Festival is a badge of honor for whole community
It’s one day away. The Great American Brass Band Festival kicks off tomorrow, and this is a huge year for Danville-Boyle’s signature event — it’s the big three-zero.
For 30 years, we’ve been pulling musicians and music fans from around the world to Danville’s Main Street and Centre College’s campus. And for many of the more recent years, that draw has expanded into the region, with events that have been hosted in both Mercer and Lincoln counties.
Once this year’s festival is over, organizers will be pondering a different kind of expansion — instead of new locations during the festival, there could be new events that happen at other times during the year.
Further growth of the festival is good for the local economy in more than one way. There’s a direct tourism impact of the festival, usually measured in millions of dollars, from the money spent by all the people coming to Danville.

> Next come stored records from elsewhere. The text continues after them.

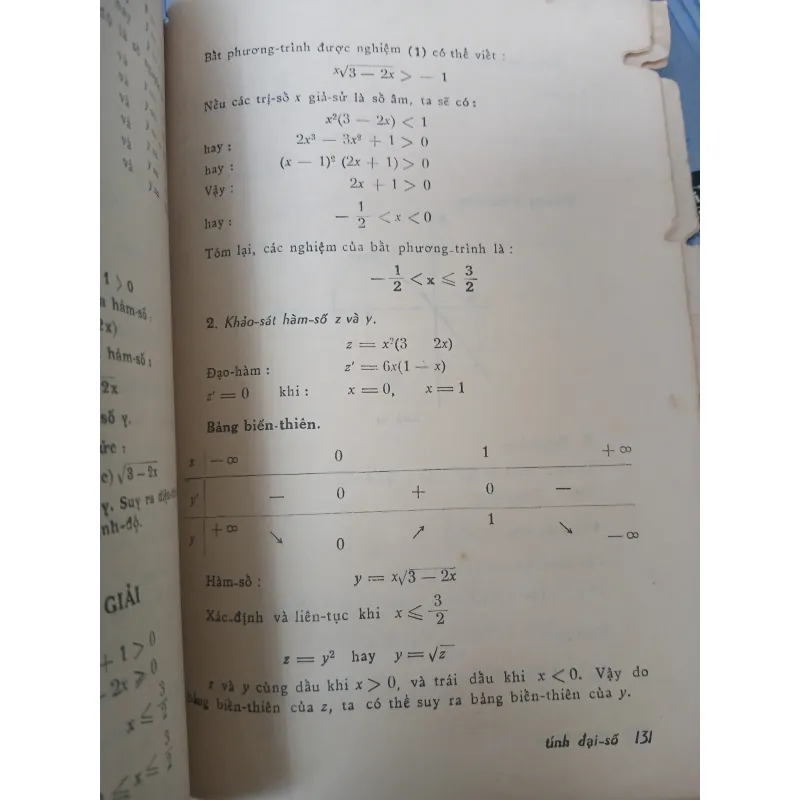 TÍNH ĐẠI SỐ - ĐẶNG VĂN NHÂN 755561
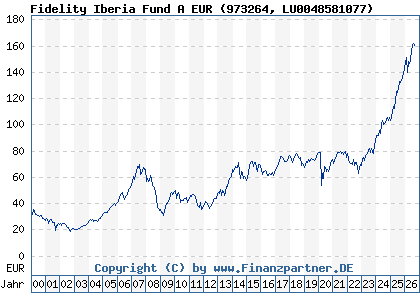 Chart: Fidelity Iberia Fund A EUR (973264 LU0048581077)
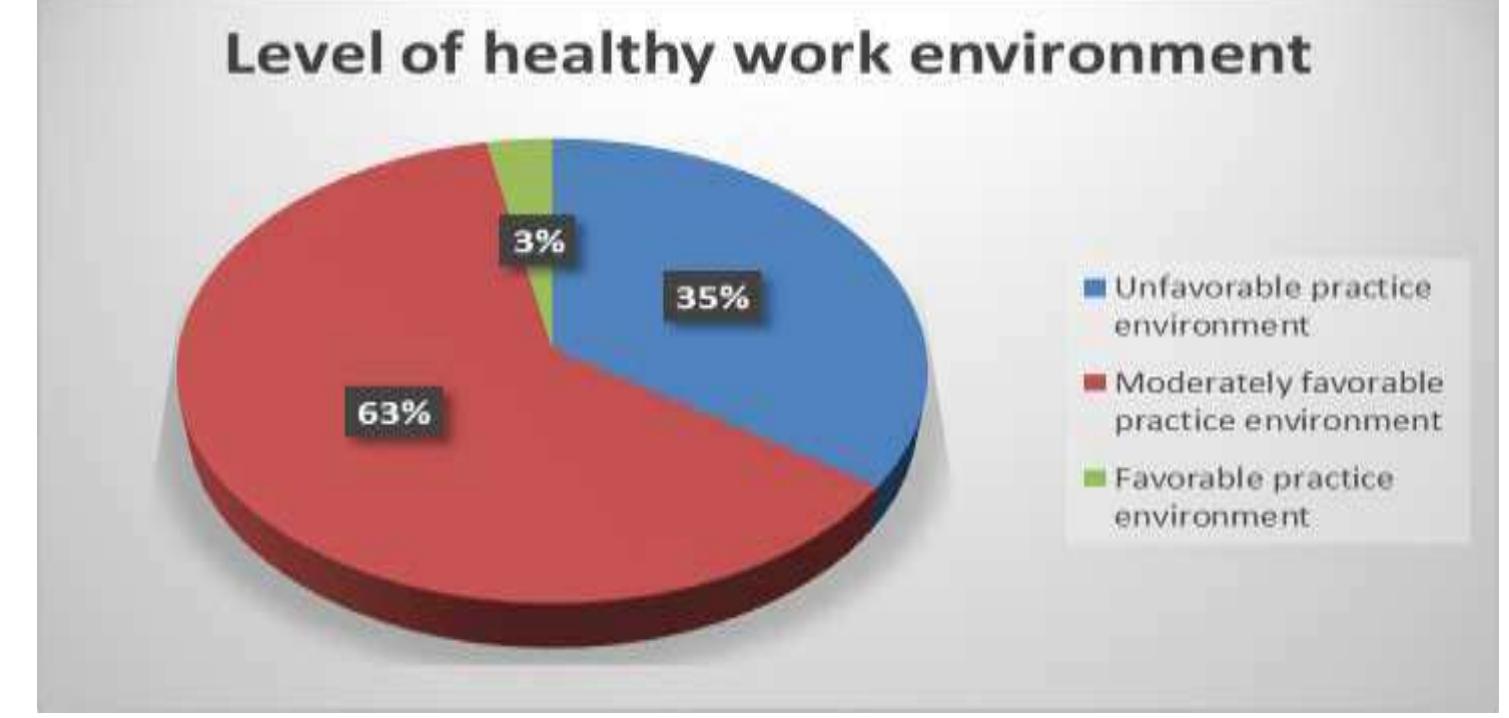 Figure 1: level of healthy practice environment according to nurses perceptions (N=130)  Table5: Health Practice Environment of nurses having different characteristics 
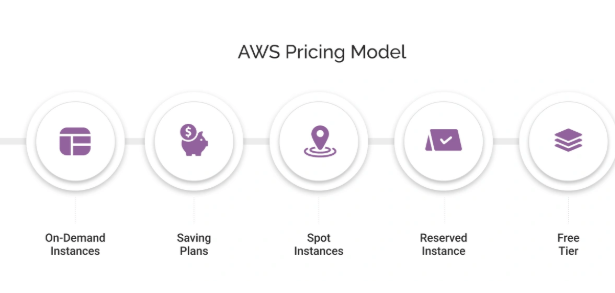 AWS Pricing
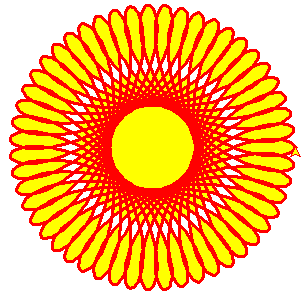 Toodud funktsiooni võiks esitada ka järgmiselt: def saledus(l, m) : indeks = m / (L / 100) ** 2 if indeks < 18 : return "kondibukett" elif indeks <= 25 : return "normis" elif indeks <= 30 : return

There’s also an indirect economic development impact, because the festival puts Danville and Boyle County on the map in a way they wouldn’t be otherwise.
Quality of life is increasingly a major consideration of employers looking to expand, because they’ve discovered it’s one of the best ways to attract and retain quality employees. A city that’s thriving enough to put on a four-day festival with international reach is one that gets on short lists for business projects that other cities can’t.
Besides the economic benefits, the festival is also good for our local communities, because it gives us something we have in common, a shared piece of culture.
The festival has been huge since it began — it brought tens of thousands of people here in its very first year. That was because the community bought in and everyone decided to take some responsibility for making it great.
Danville and Boyle County each gave $5,000 in funding for the 1990 festival, as did a huge number of local businesses. The hot air balloon race was conceived of and implemented by the local radio station, WHIR. The community similarly came up with the Chautauqua Tea event that always kicks things off on Thursday. The Advocate-Messenger, which helped form the Advocate Brass Band and the festival, began its annual Brass Band publication that very first year, too.
There was a “mini-festival” in Junction City that first year; foreshadowing airbnb, the Chamber of Commerce recruited local residents to rent out their rooms to incoming tourists; a local realtor gave away flower seeds earlier in the year with the goal of making Danville look like a giant flower bouquet for the festival.
The Brass Band Festival didn’t just happen; the community members of Danville and Boyle County made it happen. And we’ve continued to make it happen every year since for three decades. It’s something everyone can be proud of.